The starting point for understanding how a company operates is to recognize the difference between the directors (who are also known as ‘the board’) and the shareholders. Although in a small, privately-held company the directors and the shareholders are often the same people, they are actually two completely different roles, with separate rights and obligations. The company’s board is made up of all the appointed directors. If you have three directors, for example, then you have three people sitting on your board. In theory, any decision that is made by the company needs to be agreed by the board. This includes the smallest decisions right through to the largest. So, even a decision such as whether to buy a new jar of coffee for the office needs to be agreed by the board. Clearly, this could become unworkable very quickly. So, in practice, the board can simply decide that it doesn’t need to formally agree every single decision taken. Rather, it will give some limited responsibility for lesser decisions to other people within the company and reserve the right for ‘important’ decisions to be taken at board meetings. This situation still works, legally, because this permission has been granted by the board, so we can see that the board is still in control. So now, how does the board actually make its decisions? Usually, this occurs through a simple majority vote of the directors. If you have three directors sitting on your board, then a 2:1 majority will pass a board resolution. Board votes are not affected by the number of shares each director may hold. A board may, for example, have three directors, one of whom is the founder who holds 90% of the shares, while the other directors own 5% of the shares each. Many people are surprised to learn this, but the director with 90% of the shares can still be out-voted by the other two directors, who hold just 10% of the shares between them. Again, this is because the board works on a simple majority vote basis.

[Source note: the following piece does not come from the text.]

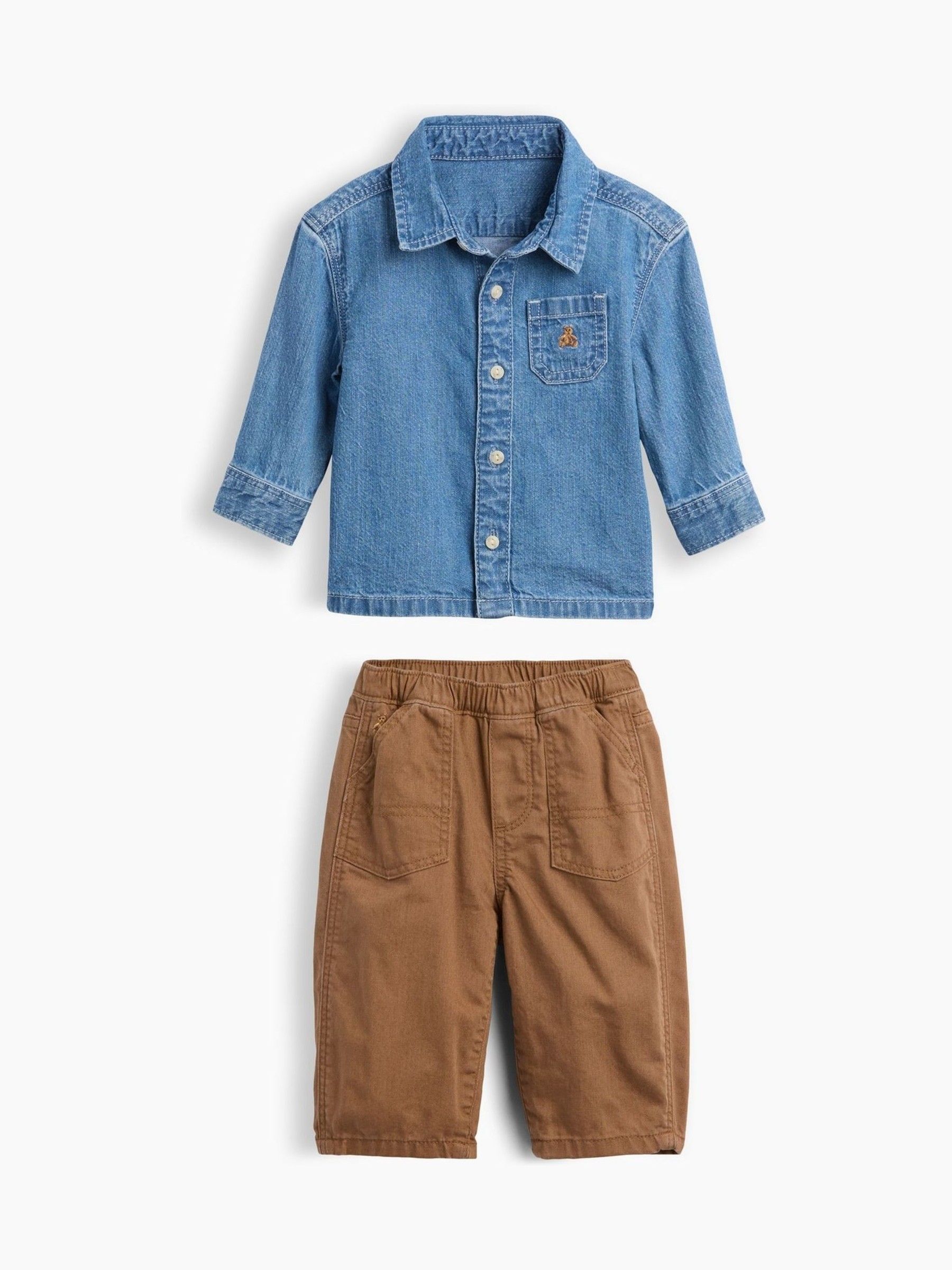 Light Wash/ Brown Denim Outfit Set - Image 1 of 2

However, these basic board voting provisions can be overridden by placing specific terms in a shareholders agreement. However, if there’s no shareholders agreement in place, then the majority voting rules outlined above will apply. Additionally, because the board acts on a majority basis, if there is an even number of directors, say, two directors, and they can’t agree, then the board is said to be ‘deadlocked’. This means that the board can’t act, and can be a major problem, as one director isn’t permitted to do something to which the other director disagrees. In these instances, it can save a lot of argument and difficulties if a shareholders agreement with suitable provisions has been drawn up before the board reaches this sort of impasse. Suitable provisions can help resolve any dispute or deadlock that may arise. For example, a simple provision could be to give one director (often a ‘Chairman’) a casting vote in the case of a tie. However, more often, the agreement will require specific ‘deadlock resolution provisions’ (see our article here) to create an effective resolution process. In contrast to the directors of a company, the shareholders have very little day-to-day control over the matters relating directly to the company’s operations. Usually, shareholders only get limited rights to vote on certain matters, such as: • the issue of new shares; • changes to the articles of association; and • winding-up the company. Each shareholders’ vote requires either an ‘ordinary resolution’ or a ‘special resolution’. An ordinary resolution means a vote which is carried by more than 50% of the shareholders, and a special resolution refers to a vote which is carried by 75% or more of the shareholders. It’s possible to draw up the terms of a shareholders agreement to require the company to obtain the prior consent of the shareholders before carrying out any number of actions which can be listed in the shareholder's agreement. This is one of the ways shareholders can be given greater rights over the company than they would otherwise usually have. Finally, the main ‘protective rights’ that shareholders will have which can prevent the directors from operating the business in a way they may consider unfavorable to the shareholders, is the right to appoint new directors or remove existing directors from the board.
This right is granted under the Companies’ Act to shareholders holding more than 50% of the shares, and it can’t be removed by the company.